Ned Averill-Snell and Ernie Rowland. Credit: Megan Lamasney

Jason Vaughan Evans, Ernie Rowland, Jack Holloway, Hugh Timoney, Slake Counts, Tom Crutcher, Joshua Goff, Jordan Foote, Nick Hoop, Michael Mahoney and Randy Rosenthal. Credit: Megan Lamasney
The Iceman Cometh
2.5 out of 5 stars
$20. Through July 3; Thurs.-Sat., 7 p.m. and Sun., 3 p.m.
University of South Florida Theatre Building, Studio 120, 3837 USF Holly Dr., Tampa. tamparep.org.

Having recently spent five hours watching the Tampa Rep production of Eugene O’Neill’s The Iceman Cometh, I feel obligated to warn potential audience members that this is not a play that justifies its length with its variety. Iceman may have a profoundly important theme, and its dialogue may be consistently inspired, but this drama is also repetitious to the point of madness.
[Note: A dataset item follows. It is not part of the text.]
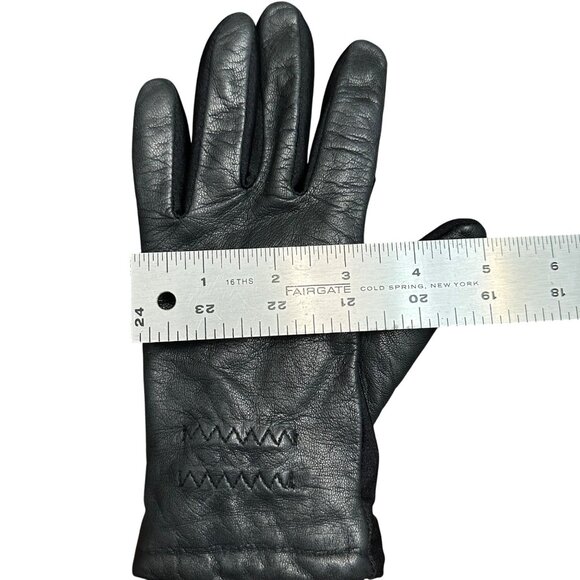 Isotoner Gloves Women Black Leather M/L Stretch Touchscreen Fuzzy Lining - Picture 2 of 8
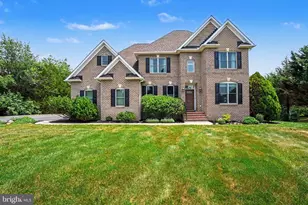 75 Palace Dr, Gettysburg, PA 17325 - Photo 1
It’s reported that when O’Neill’s Broadway director suggested cuts, the playwright declined, saying, “I intended to be repeated 18 times.”

Well, O’Neill got his wish, leaving the rest of us with the conviction that, at two-thirds the length, this might have been a masterpiece. The pity’s the greater as there are some wonderful performers among the 19 members of the Tampa Rep cast, led by the splendid Ned Averill-Snell in the part of Hickey the Iceman, and also including Ernie Rowland, Jordan Foote, Slake Counts, Josh Goff, Randy Rosenthal, Michael Mahoney, Nick Hoop, and Sam Burke. To make the length problem more exasperating, C. David Frankel’s direction is superb, often presenting us with tableaux so visually striking, they look like something out of Edward Hopper as informed by Charles Bukowski. I don’t doubt that a rapidly moving plot can keep a long play fascinating — it works with Angels in America and August: Osage County — but in the 300 minutes of Iceman, there are really only four or five essential events, and they’re repeated so often — in different guises but with the same significance — that it’s hard not to lose interest. O’Neill or not, this play is eventually just tedious.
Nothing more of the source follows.